Wreck-It Ralph is videogame nostalgia blended with candy obsession. With it’s bright colors and the occasional annoying pop-song, it’s a sugar rush to the senses and kids will dig it. Adults may overdose.
The movie begins with the Wreck-It Ralph game being played and the 8-bit rendering is down to the last detail, everything you could expect from an early eighties arcade game. Then the arcade reaches its closing time and all the characters come to life as we the audience, are transported inside their world where everything is three-dimensional but some of the jerky animation is still preserved.
As a kid, I found the videogames I played to be kind of magical and inspiring but the concept of them coming to life or having an internal real world never occurred to me while toys coming to life did, like in Toy Story. When I saw cartoons as living beings working the movie business in Who Framed Roger Rabbit, that seemed kind of natural too. However, I think the concept of video game characters coming to life in the arcade after closing time isn't a fantasy I can relate to. Whatever, I’ll go with it.

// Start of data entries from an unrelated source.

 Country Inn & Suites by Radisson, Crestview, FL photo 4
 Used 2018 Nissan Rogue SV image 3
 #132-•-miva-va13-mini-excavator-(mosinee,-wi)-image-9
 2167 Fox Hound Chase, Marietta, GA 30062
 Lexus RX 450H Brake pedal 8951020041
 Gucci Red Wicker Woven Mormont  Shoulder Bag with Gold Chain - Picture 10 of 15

The characters socialize by traveling through the arcade’s circuitry but when they venture outside their game they run the risk of dying without an extra life to help them. They also have the top priority of fulfilling their roles to keep the game working correctly during operating hours. Getting unplugged by the arcade owner is the worst fate. Cute. That’s what this movie is. Just imagine Shrek meets Tron and you’ve got it. That’s not the best news for animation enthusiasts. It depends on what you value in movies like this. Personally I’m annoyed by animated movies that try to thrive solely on their cuteness. I love Ratatouille and I hate Madagascar. Wreck-It Ralph is somewhere in the middle.

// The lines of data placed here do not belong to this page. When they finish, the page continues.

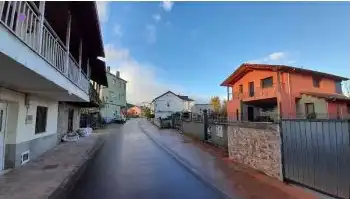 Vista exterior de Casa o xalet en venda en Vega de Espinareda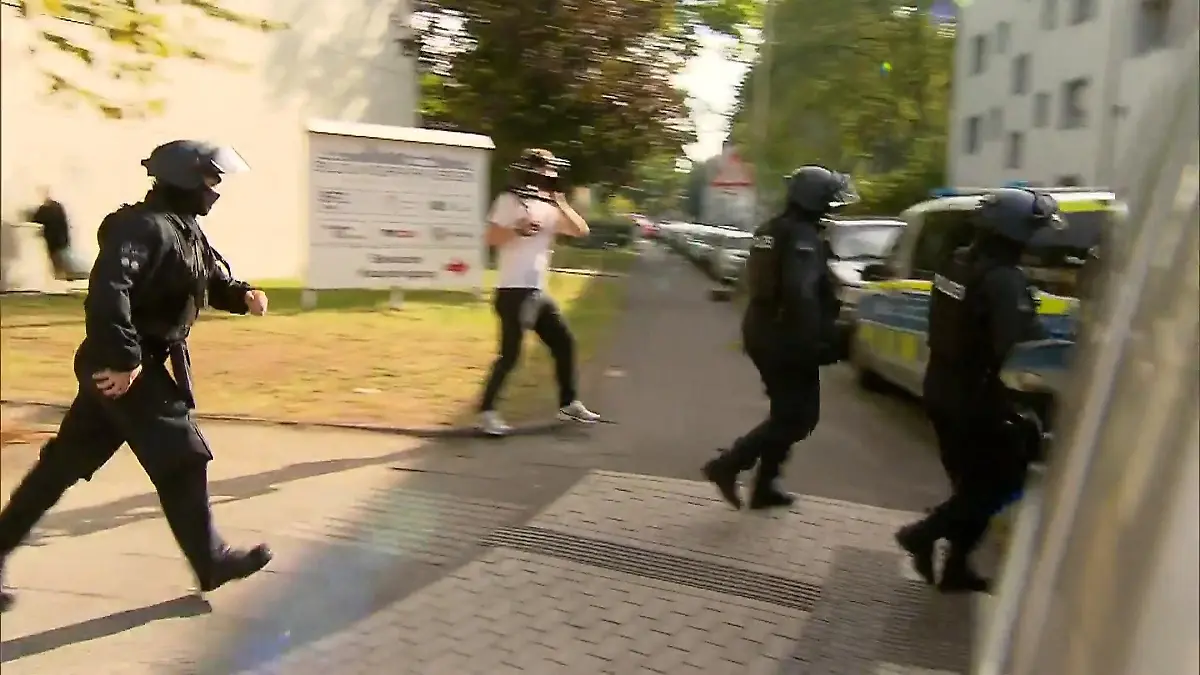 Messerangriff an Schule in Essen Schüler attackierte Lehrerin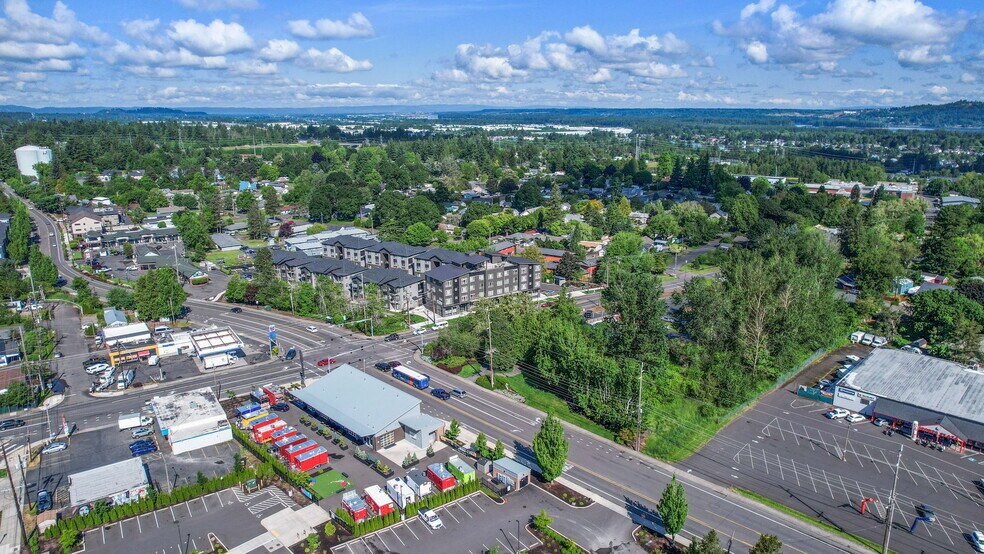 More Photos Of 22025 NE Halsey St, Fairview Apartments For Lease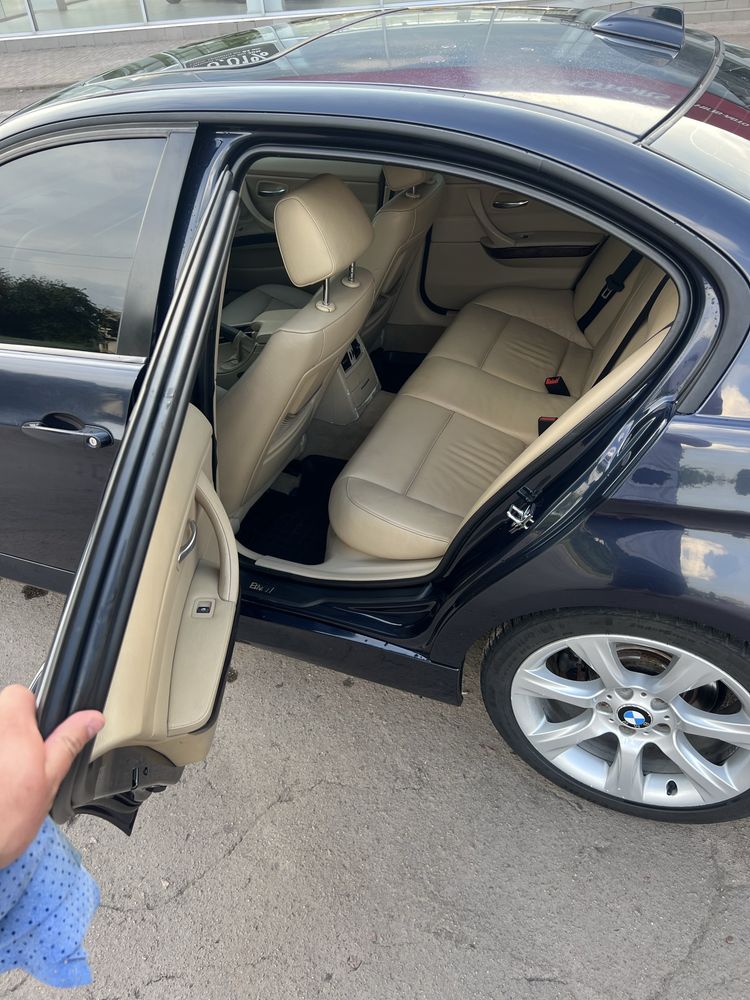 Продам BMW e90 3.0 газ-бензин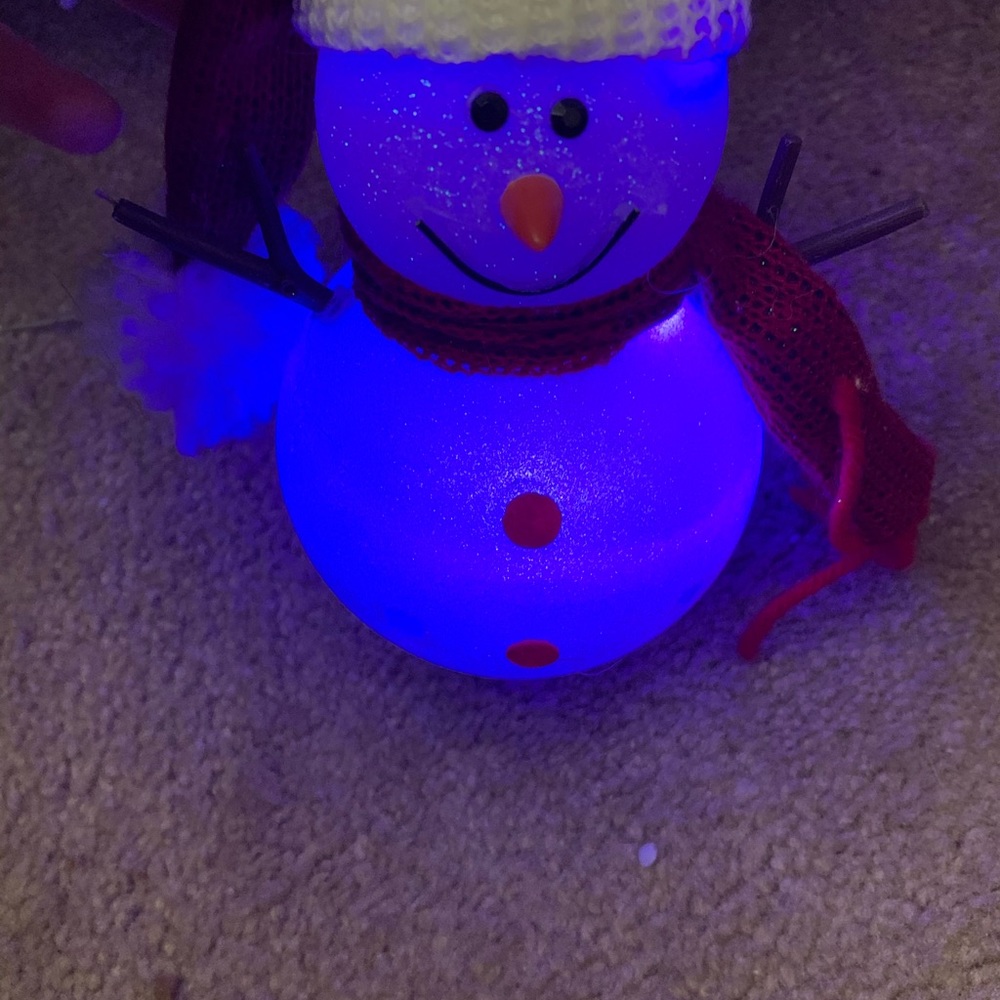 Color-Changing Snowman USB Plug-In Decor - Picture 2 of 5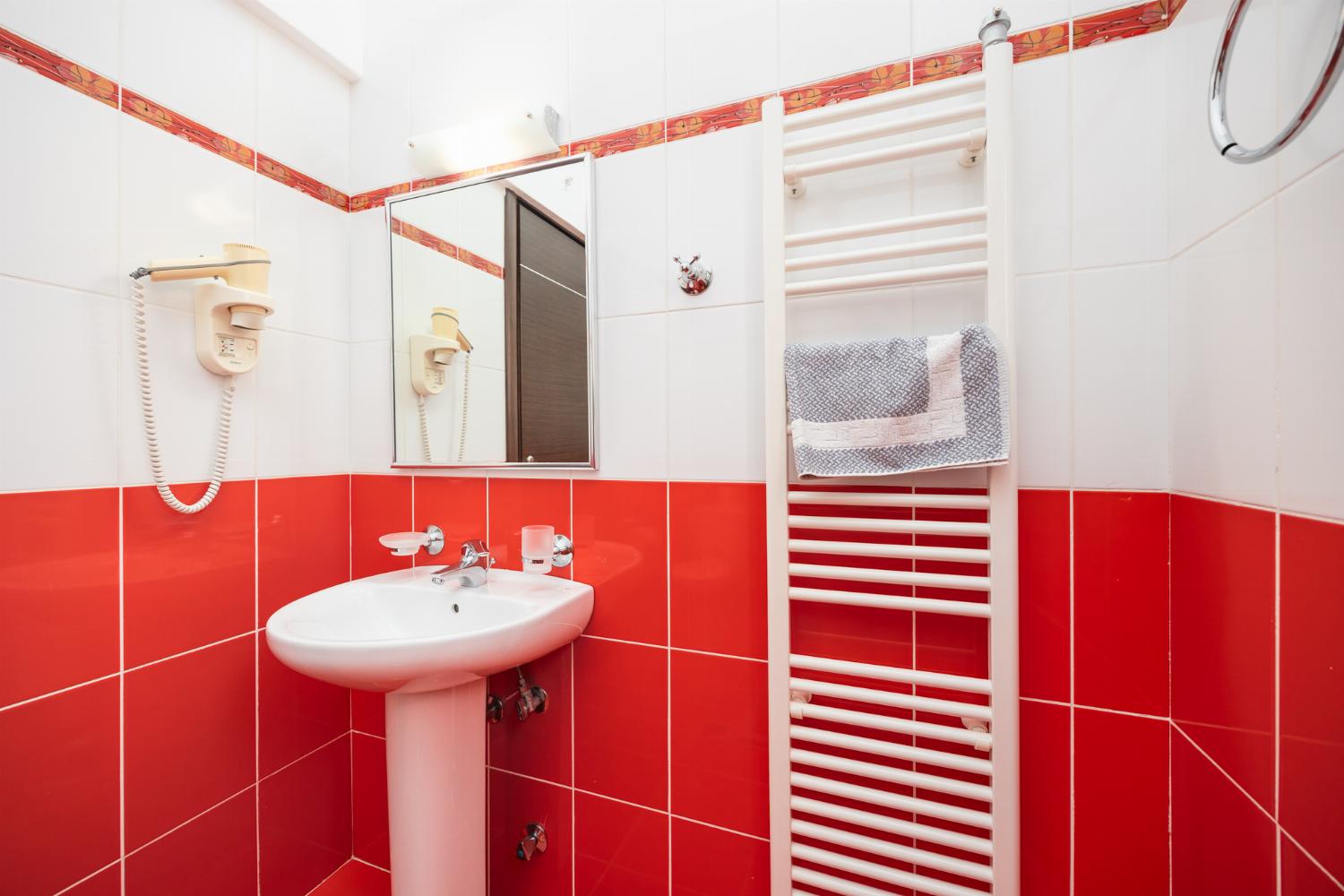 En suite bathroom with shower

Like Donkey Kong, Ralph is the bad-guy of his thirty-year-old videogame and is having a midlife crisis (I wonder how bad videogame characters get when they turn forty). He chooses to jump into other videogames to see if he can find his place as a good guy instead. Ralph is perfectly voiced by John C. Reilly. Along the way he ends up in a candy-themed race-car game ruled over by King Candy voiced by Alan Tudyk channeling Ed Wynn’s Mad Hatter. There he meets a reject named Vanellope, voiced with gleeful obnoxiousness by Sarah Silverman, who wants to race but can’t because her character has a programing glitch. Ralph befriends her and learns the value of being a real good-guy while he helps someone no one else wants to.
It's a generally fun movie but it was all I expected it to be and nothing more.